1. Define requirements and criteria
Specify what you need and, critically, how you will evaluate responses — the weighted criteria — before the document goes out. Setting criteria after responses arrive is how bias creeps in.
2. Draft and issue the document
Write a clear, structured request that makes it easy for suppliers to respond comparably. Ambiguity here produces non-comparable answers and wasted evaluation effort. Distribute to the qualified supplier field with a clear timeline and Q&A window.
3. Manage questions and collect responses
Run a fair Q&A process, sharing clarifications with all bidders, then collect responses by the deadline in the required format. Consistency of format is what keeps evaluation objective.
4. Evaluate and shortlist
Score responses against the pre-set criteria. A structured bid evaluation process turns proposals into a ranked, evidence-based recommendation rather than a popularity contest.

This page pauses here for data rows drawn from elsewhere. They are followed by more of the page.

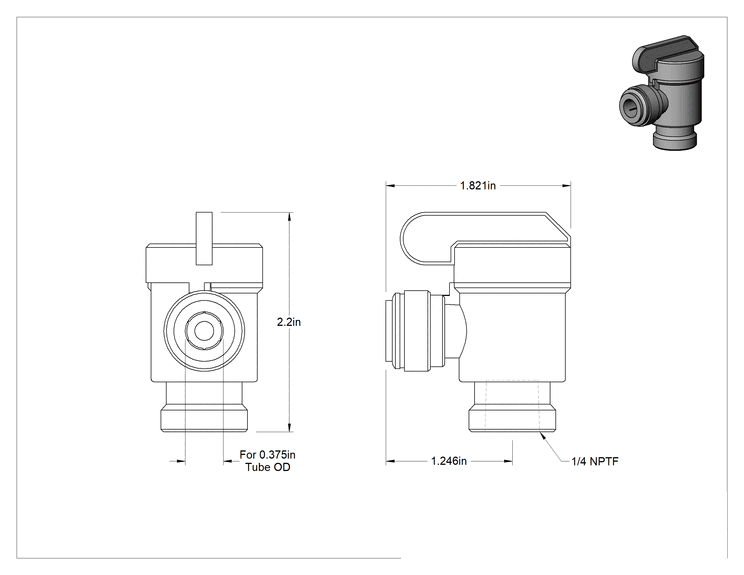 Teknik Çizim - İçme Suyu için Açma/Kapama Vanası, Polipropilen Dirsek, 1/4" NPTF Dişi, 3/8" Boru Push-Connect
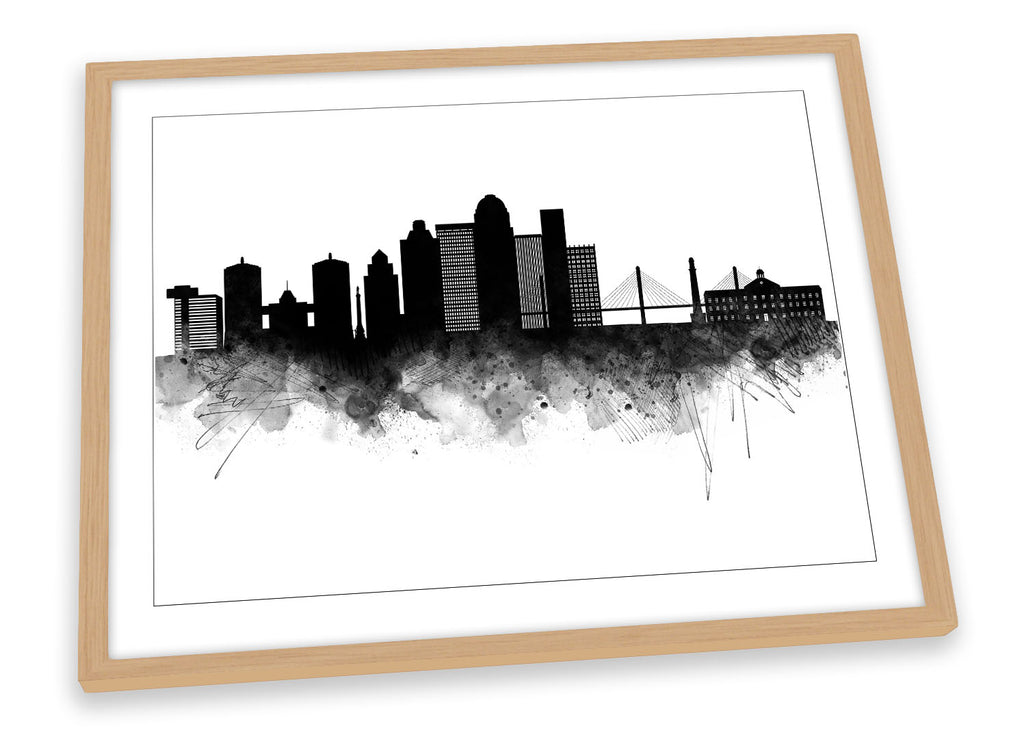 Louisville Abstract City Skyline Black Framed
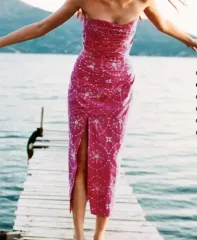 新品 ZARA(ザラ) パンチング 刺繡 スカート ミディ丈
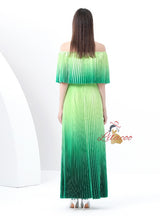 Gradient Pleats Off the Shoulder Long Dress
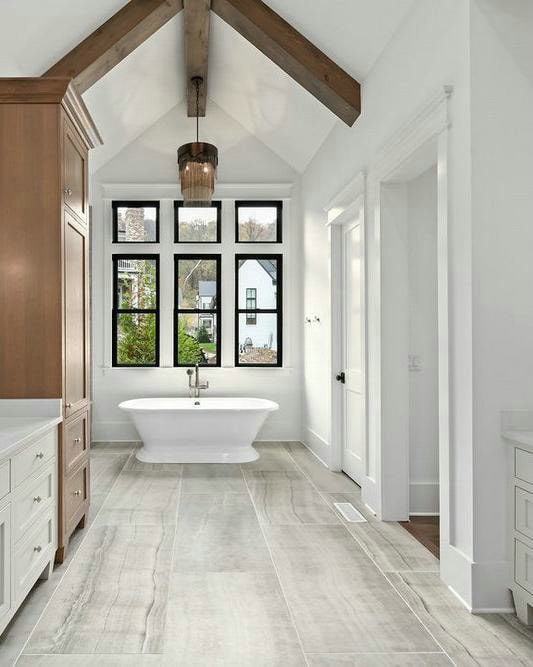 bathroom with tall ceilings feature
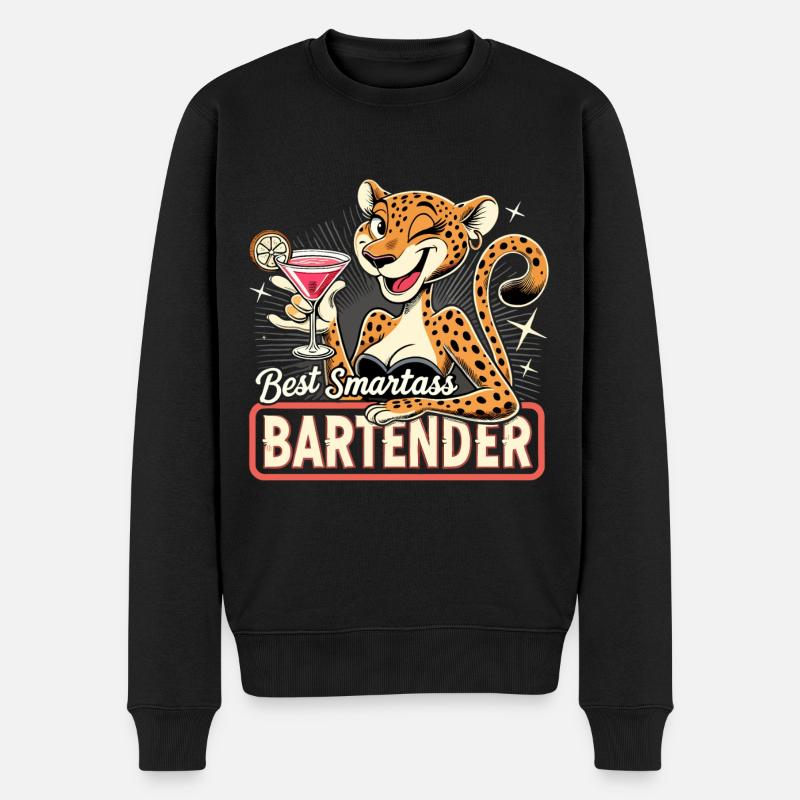 Barkeeperin Barfrau Leopardin Leopard Geschenk - Männer Premium Bio Pullover - Schwarz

5. Negotiate, award, and document
Negotiate with the leading candidate(s), award, and keep the audit trail. In regulated and public buying, that trail is what defends the decision if it is challenged.
Writing a Good RFx
The quality of supplier responses is set by the quality of your request. A good RFx states the business problem clearly, asks specific and answerable questions, and tells suppliers exactly how they will be evaluated and in what format to respond. Vague, sprawling documents produce vague, non-comparable answers and bury your evaluation team. The single most common mistake is failing to publish the evaluation criteria, which leaves suppliers guessing and your scoring exposed to challenge.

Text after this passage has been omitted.